On Tuesday, August 29th 2017, the US Department of Housing and Urban Development (HUD) announced some changes that will have a large impact on senior homeowners interested in tapping into the equity in their homes through the use of a Home Equity Conversion Mortgage (HECM), also known as a reverse mortgage.
The Federal Housing Administration (FHA)1 insures HECM loans to protect both borrowers and lenders. With a HECM reverse mortgage, borrowers are able to pay off any existing mortgage and borrow a portion of the equity in their home with no requirement to make monthly mortgage payments2. For seniors, who are often living on a fixed income, this benefit allows them to access their home equity without selling the home.
Another benefit associated with FHA insurance is that the loan is non-recourse3. This means that the borrower and their heirs will never owe more on the loan than what the home is worth. This benefit came into play during the market crash of 2008, when home values took a large drop. Many loans that became due during that time period were not secured by properties with sufficient value to repay the balance of the loan. So, FHA stepped in and covered the difference.
Since 2008, the FHA Mutual Mortgage Insurance Fund has operated with a deficit, which would be expected after the housing market crash. However, the fund has not recovered as anticipated following the crash, according to the 2016 FHA Annual Report to Congress. In 2016, an independent actuarial report valued the HECM fund at negative $7.7 billion overall4. Additionally, the economic net worth of each HECM portfolio by vintage for the past 8 years is projected to continue adding to the deficit (see graph below).
With these concerning trends, it has become clear that reverse mortgage changes are necessary in order to keep the HECM loan as a viable offering to senior homeowners in the coming years.
HUD’s announcement effectively decreases the amount of equity that seniors are able to borrow against their homes due to a change in the Principal Limit Factor (PLF) tables. This means that more equity will be required to remain sitting in the home as a buffer for contingencies and as a protection against market volatilities that would affect expenses and sales prices for defaulted HECM loans.

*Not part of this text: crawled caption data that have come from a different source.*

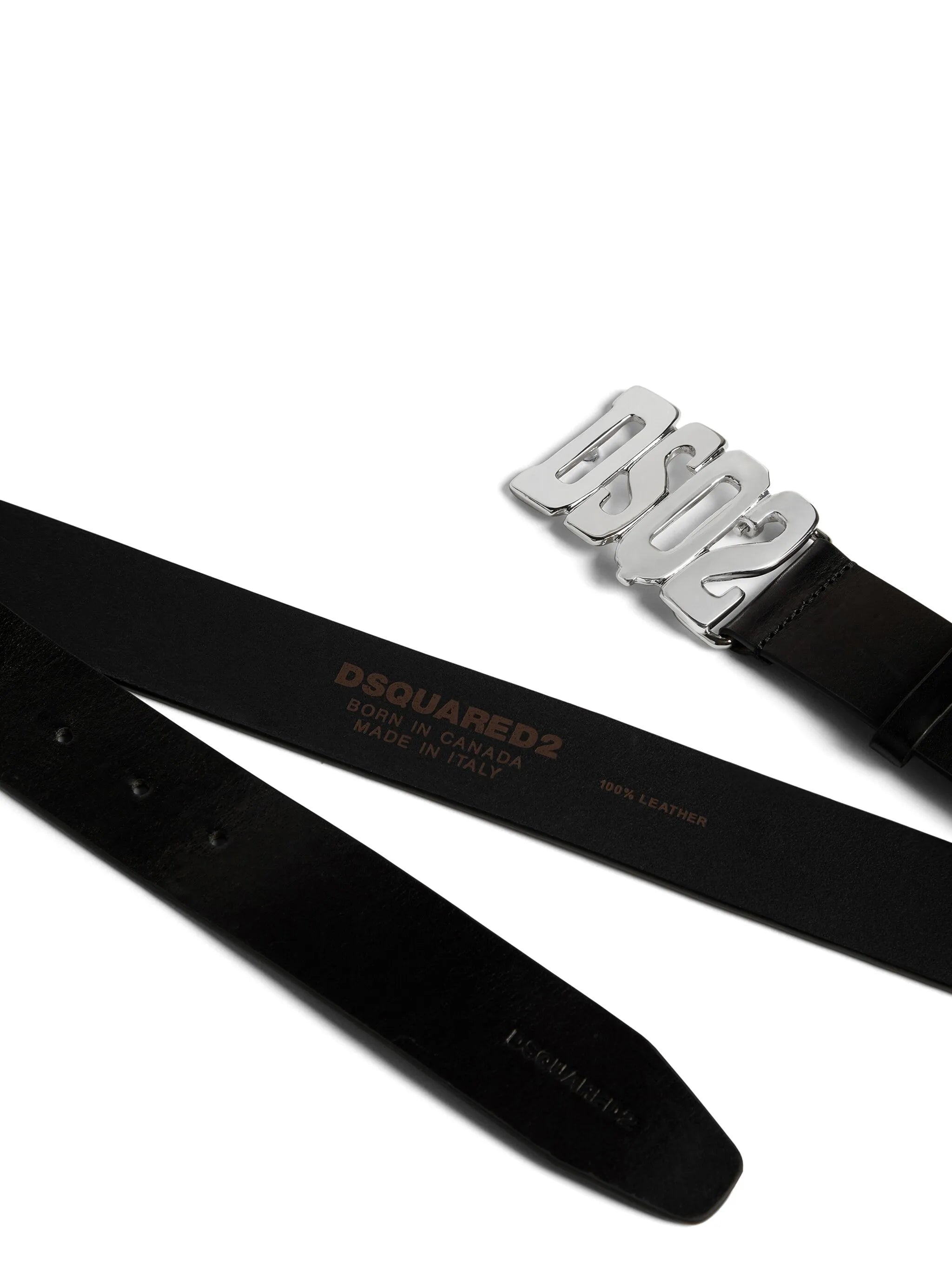logo-buckle leather belt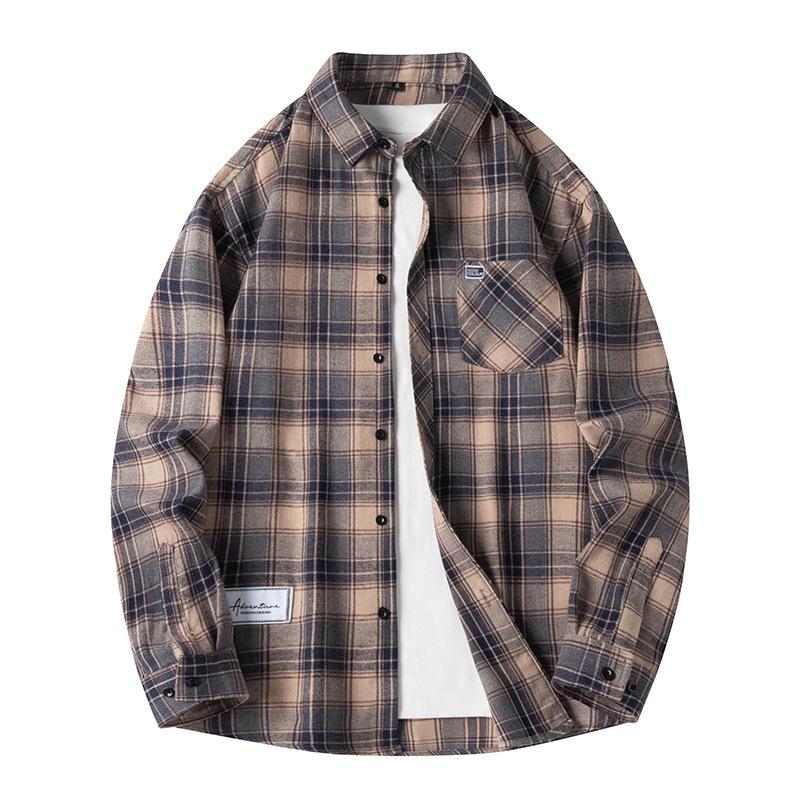 Männer Hemd Plaid Lose Straße Langarm Casual Shirt Schwarz Übergroßen Weiche Hemd Frühling Herbst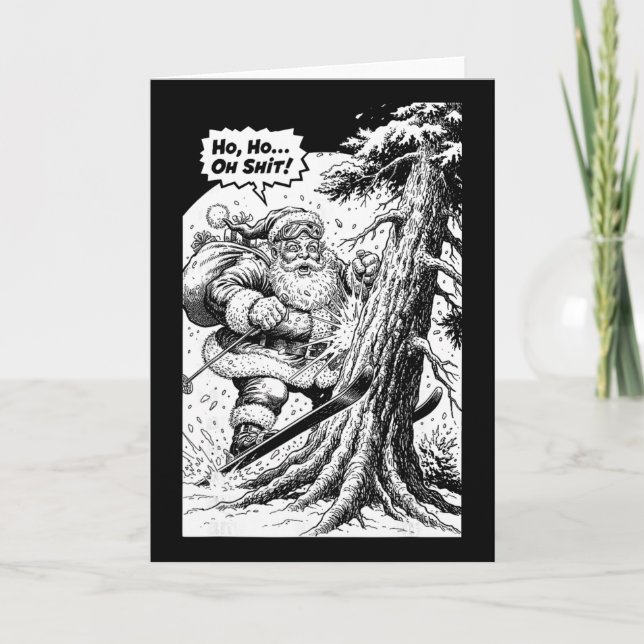 Skiing Skier Santa Hitting Tree Funny Christmas Sk Card (Front)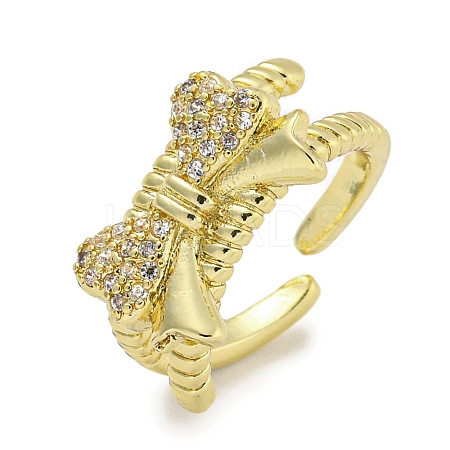 Brass Micro Pave Cubic Zirconia Cuff Ring RJEW-E296-08G-1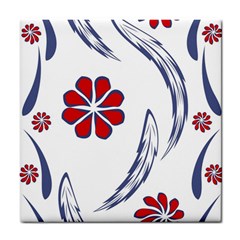 Folk Flowers Print Floral Pattern Ethnic Art Tile Coaster by Eskimos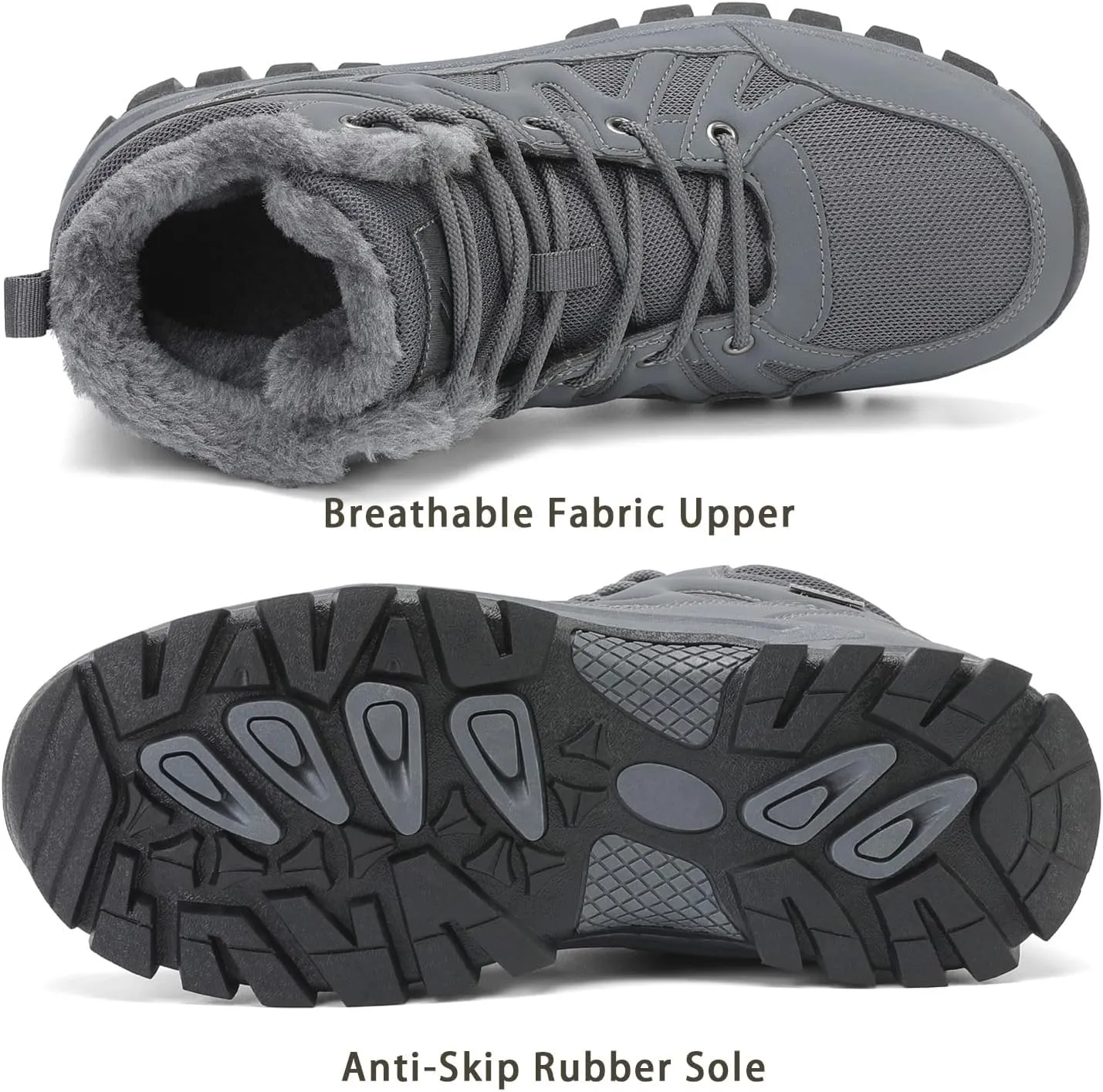 FLARUT Mens Snow Boots Insulated Fur Liner Winter Warm Hiking Shoes Walking Sneaker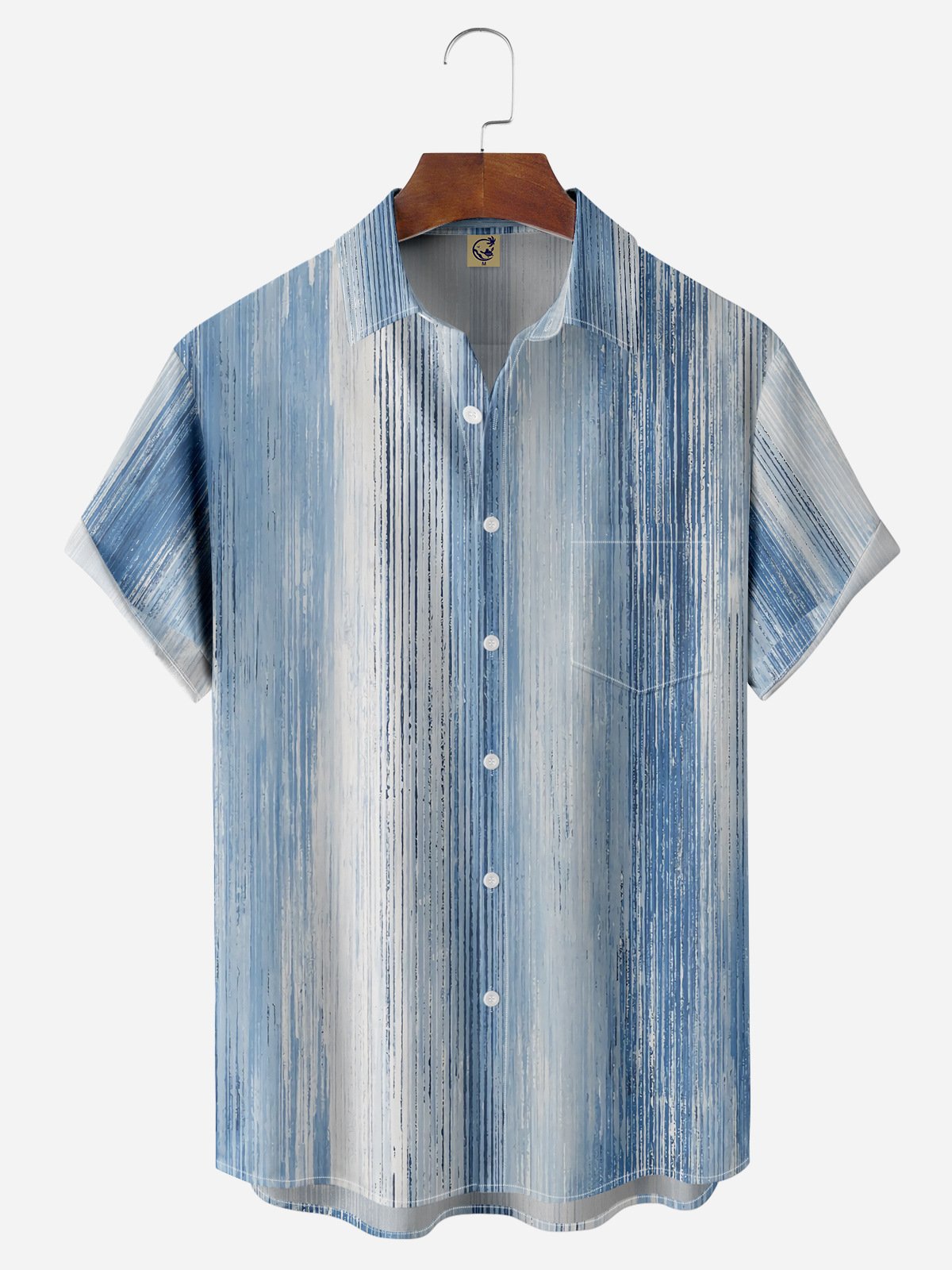 Abstract Striped Chest Pocket Short Sleeve Casual Shirt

Another change affecting borrowers comes in the form of upfront mortgage insurance premium costs. For some borrowers, this will result in an increase in loan costs and for some it will result in savings. Currently, borrowers who wish to access more than 60% of their initial proceeds within the first year (such as to pay off a large mortgage balance), must pay an upfront mortgage insurance premium of 2.5%. With the new guidelines, those borrowers will only have to pay 2.0%. On the flip side, borrowers who do not need to borrow more than 60% of their maximum claim amount within the first year will also be required to pay 2.0% of the maximum claim amount. Prior to October 2nd, 2017 those borrowers would have only been required to pay 0.5%.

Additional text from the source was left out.